Sad, sad news. On December 28th, my beutiful betta fish, Kenji, past away. 
He was four years old, and I had raised him since he was a fry, so I was really close to him. His death started when my mom came over to visit one night, and she accidentally un-plugged his heater. He stayed like that all freezing night, and in the morning the temp. was around 10 degrees c. 
When I found him, he was lying on his side on the gravel- I thought for sure he was dead. He wasn't though, and I stayed home from work to watch over him. He managed to take a few breaths and eat a blood-worm, as I slowly heated his tank up. A couple days later, it seemed like everything would be all right. Kenji would ocassionly weakly flare at my fingers, and he was getting some of his gusto back.
I don't know what happened. He just went down hill, and he looked extremely sick. I treated him with meds and did water-changes to no affect. :-( 
When it was finally Christmas Day, I was happy because he had seem his fourth christmas ever. He was not looking good though; he wouldn't eat and when I attempted to do a water-change he almost died.
On the night of December 27th, I did a 1/2 water change. It didn't do him any good though- he wouln't move at all. I stayed up all night, watching him, and finally at around 2:00 AM, on December 28th, he died.

Rest in Peace, Kenji.

We barried him in the garden, and I made a grave-stone with an old blank of wood and a Sharpie. I had a little funeral, and everyone in my family came. 
Kenji was the most boisturus (aggresive?) betta I have ever had. He would attack anything he saw, so no tank-mates, and he would flare at my finger, face, or clothing. Once I tried to touch him when he was asleep, and he woke up and bit me!;-) I miss him so much, and he will always be my beutiful little Kenji.

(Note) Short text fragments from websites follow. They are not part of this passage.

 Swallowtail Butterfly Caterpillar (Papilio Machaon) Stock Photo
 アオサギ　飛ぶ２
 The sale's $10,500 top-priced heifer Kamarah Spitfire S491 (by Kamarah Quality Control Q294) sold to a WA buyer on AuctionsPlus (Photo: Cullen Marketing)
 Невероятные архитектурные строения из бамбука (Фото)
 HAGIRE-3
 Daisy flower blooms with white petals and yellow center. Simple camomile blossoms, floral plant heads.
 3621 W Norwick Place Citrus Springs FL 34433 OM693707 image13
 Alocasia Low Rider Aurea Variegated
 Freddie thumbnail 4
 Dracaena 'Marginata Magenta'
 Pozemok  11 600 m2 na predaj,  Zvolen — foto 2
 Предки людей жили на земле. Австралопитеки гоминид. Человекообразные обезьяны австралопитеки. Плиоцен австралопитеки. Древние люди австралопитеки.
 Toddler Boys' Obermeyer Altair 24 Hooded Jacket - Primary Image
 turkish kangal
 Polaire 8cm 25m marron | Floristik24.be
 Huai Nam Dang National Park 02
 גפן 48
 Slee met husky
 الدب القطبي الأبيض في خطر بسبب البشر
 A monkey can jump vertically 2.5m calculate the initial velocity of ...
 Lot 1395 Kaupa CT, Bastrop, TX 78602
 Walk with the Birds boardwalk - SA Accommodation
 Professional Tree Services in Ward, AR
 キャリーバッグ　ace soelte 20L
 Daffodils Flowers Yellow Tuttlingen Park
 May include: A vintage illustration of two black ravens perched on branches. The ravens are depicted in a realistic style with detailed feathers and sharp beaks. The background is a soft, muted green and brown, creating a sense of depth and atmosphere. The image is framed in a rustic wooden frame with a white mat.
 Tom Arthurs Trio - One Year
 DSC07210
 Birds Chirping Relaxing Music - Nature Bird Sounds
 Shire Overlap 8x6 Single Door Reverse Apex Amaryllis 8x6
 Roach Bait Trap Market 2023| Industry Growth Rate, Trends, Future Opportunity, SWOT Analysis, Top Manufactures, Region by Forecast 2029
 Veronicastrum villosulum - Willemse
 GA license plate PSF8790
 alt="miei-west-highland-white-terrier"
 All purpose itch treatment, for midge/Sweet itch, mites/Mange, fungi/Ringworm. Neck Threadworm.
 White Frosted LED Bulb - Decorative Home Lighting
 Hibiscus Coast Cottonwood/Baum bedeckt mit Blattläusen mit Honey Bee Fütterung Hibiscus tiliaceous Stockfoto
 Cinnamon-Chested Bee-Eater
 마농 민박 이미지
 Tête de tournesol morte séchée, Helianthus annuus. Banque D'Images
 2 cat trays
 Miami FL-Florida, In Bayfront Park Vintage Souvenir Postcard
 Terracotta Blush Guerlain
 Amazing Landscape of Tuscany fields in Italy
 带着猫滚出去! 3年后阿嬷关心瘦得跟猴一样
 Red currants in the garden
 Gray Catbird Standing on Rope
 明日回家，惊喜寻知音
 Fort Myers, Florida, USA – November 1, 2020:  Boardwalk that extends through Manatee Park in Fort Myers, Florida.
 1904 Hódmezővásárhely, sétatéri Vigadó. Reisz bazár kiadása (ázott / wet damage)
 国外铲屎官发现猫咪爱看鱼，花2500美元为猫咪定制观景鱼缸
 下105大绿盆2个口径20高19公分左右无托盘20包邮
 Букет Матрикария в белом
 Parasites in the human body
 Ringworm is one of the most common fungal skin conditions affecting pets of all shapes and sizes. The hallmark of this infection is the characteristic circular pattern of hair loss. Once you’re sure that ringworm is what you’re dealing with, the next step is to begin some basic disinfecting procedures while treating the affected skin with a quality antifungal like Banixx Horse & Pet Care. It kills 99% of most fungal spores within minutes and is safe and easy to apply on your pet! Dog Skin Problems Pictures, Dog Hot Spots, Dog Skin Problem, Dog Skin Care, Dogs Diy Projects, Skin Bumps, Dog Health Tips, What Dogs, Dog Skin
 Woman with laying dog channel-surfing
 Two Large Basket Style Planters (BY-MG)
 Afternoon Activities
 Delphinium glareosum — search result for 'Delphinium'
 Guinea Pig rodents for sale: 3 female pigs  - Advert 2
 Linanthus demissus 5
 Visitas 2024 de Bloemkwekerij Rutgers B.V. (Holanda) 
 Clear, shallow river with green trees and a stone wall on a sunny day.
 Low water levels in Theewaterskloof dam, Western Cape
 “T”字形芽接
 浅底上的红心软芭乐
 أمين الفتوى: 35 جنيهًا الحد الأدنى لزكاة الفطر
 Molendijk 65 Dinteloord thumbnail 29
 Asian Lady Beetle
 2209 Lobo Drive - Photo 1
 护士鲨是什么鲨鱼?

I couldn't figure out how to post a pic., because I am new here, but he is the betta in my signature and avatar.


----------



## shinybetta (Jul 3, 2010)

Aww, sorry......


----------



## Aluyasha (Sep 2, 2010)

It is obvious you loved him very much. And if it is obvious to me and I just met you, then it was very obvious to Kenji. He was lucky to have an owner that cared so much for him. If someone else bought him, who knows how his life would have been...
R.I.P. Kenji. 
I am sure you will see his flaring face once again someday.


----------



## Iziezi (Nov 5, 2010)

So sorry that you lost Kenji in the way you did. =(


----------